Quem já estava aposentado pelo teto da época, que era de 10 salários mínimos, hoje R$ 15 mil, não percebe mais do que R$ 4 mil.

As dificuldades ano a ano, com as perdas salariais, os levaram à pobreza. Já não conseguiam pagar o Imposto sobre a Propriedade de Veículos Automotores (IPVA) do velho carro, e muito menos o Imposto sobre a Propriedade Predial e Territorial Urbana (IPTU) da casa adquirida ao longo da vida laboral.

Foram forçados a se desfazerem dos bens que possuíam, passando a morar de aluguel em pequenas casas de periferia ou a se submeterem a aceitar abrigo em casas de parentes ou amigos.

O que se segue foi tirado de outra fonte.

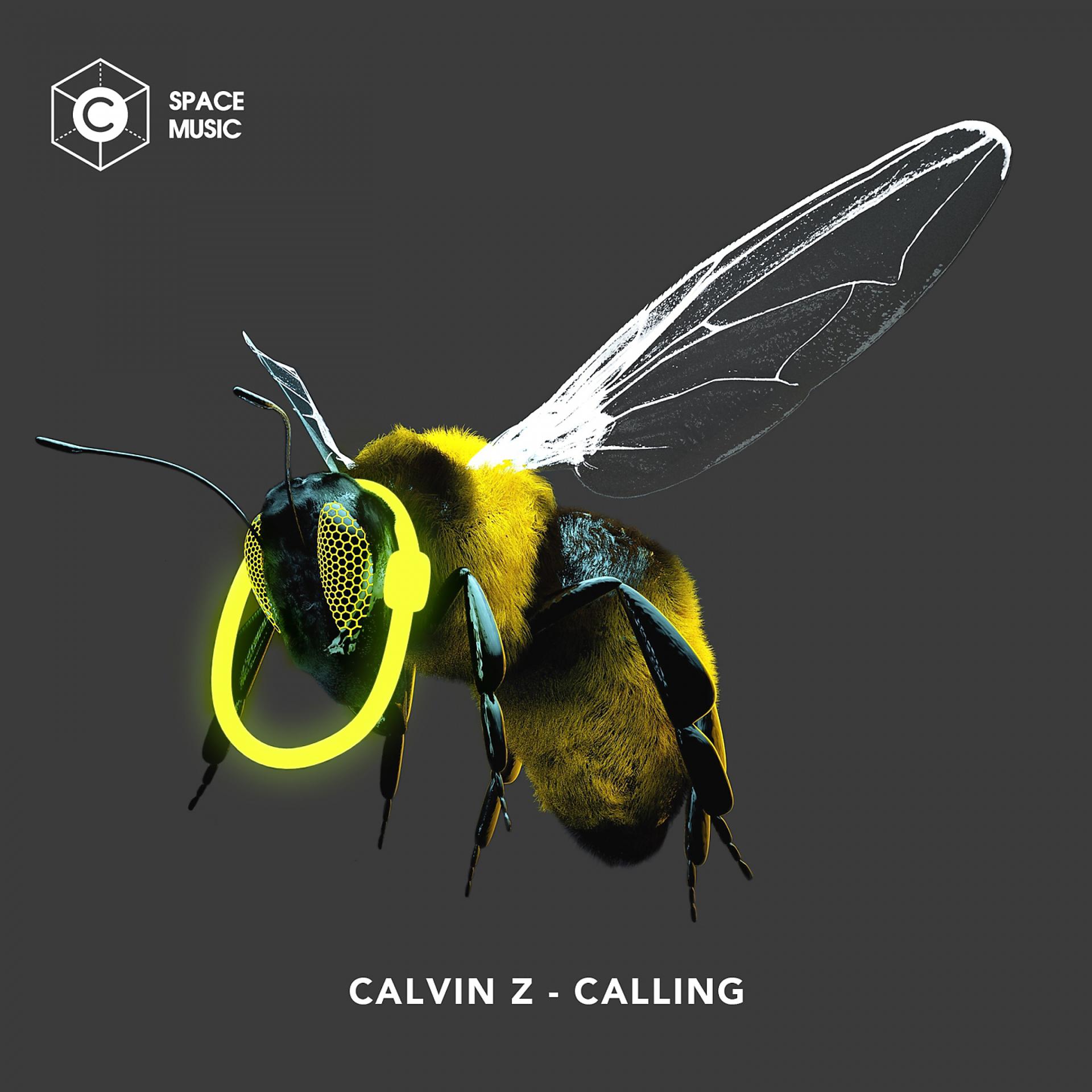 Постер альбома Calling (Original Mix)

Contudo, é do nosso conhecimento que se encontra dormindo na gaveta da presidência da Câmara o PL 4.434/2008 , sem que tenha sido colocado para discussão no plenário da Casa. Note-se que esse Projeto de Lei já foi aprovado pelo Senado.

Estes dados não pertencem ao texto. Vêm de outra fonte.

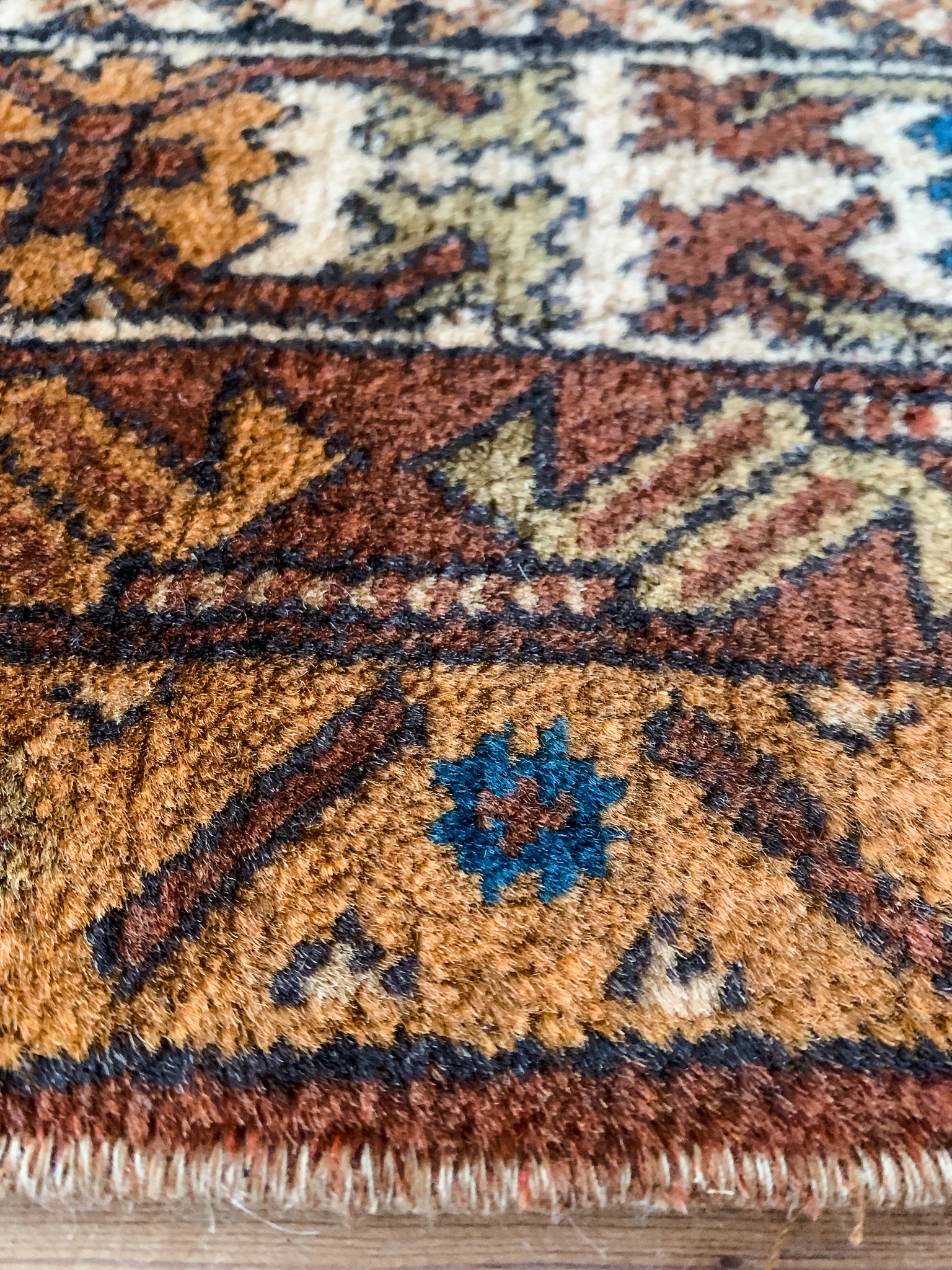Indigo 2'10 x 11'7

O Fator Previdenciário fere frontalmente os princípios dos direitos humanos, um verdadeiro massacre, e o Estado brasileiro, que deveria proteger seus idosos, com essa lei perversa acabou deixando-os na vala da miséria e, sem exageros, praticou um verdadeiro holocausto àqueles que trabalharam e contribuíram regiamente para os cofres da Previdência na esperança de terem uma velhice digna.

Porém, ao contrário, quem ainda sobrevive sofre a humilhação de morar de favor em casas de parentes ou instituições de caridade.

Suas excelências continuam fazendo cara de paisagem, agora com discursos inflamados por conta de mais um escândalo de desvios de dinheiro do INSS e dos seus miseráveis aposentados, mas sabem agir com rapidez quando o assunto é de interesse corporativo.

É bom saber que os aposentados atingidos pelo Fator Previdenciário chegam a 12 milhões e, apesar de idosos, ainda fazem questão de votar. A lei do retorno é infalível, senhores. Cumpram com seus deveres, sejam humanos e reparem esse mal que envergonha o nosso País: o desprezo pelos idosos.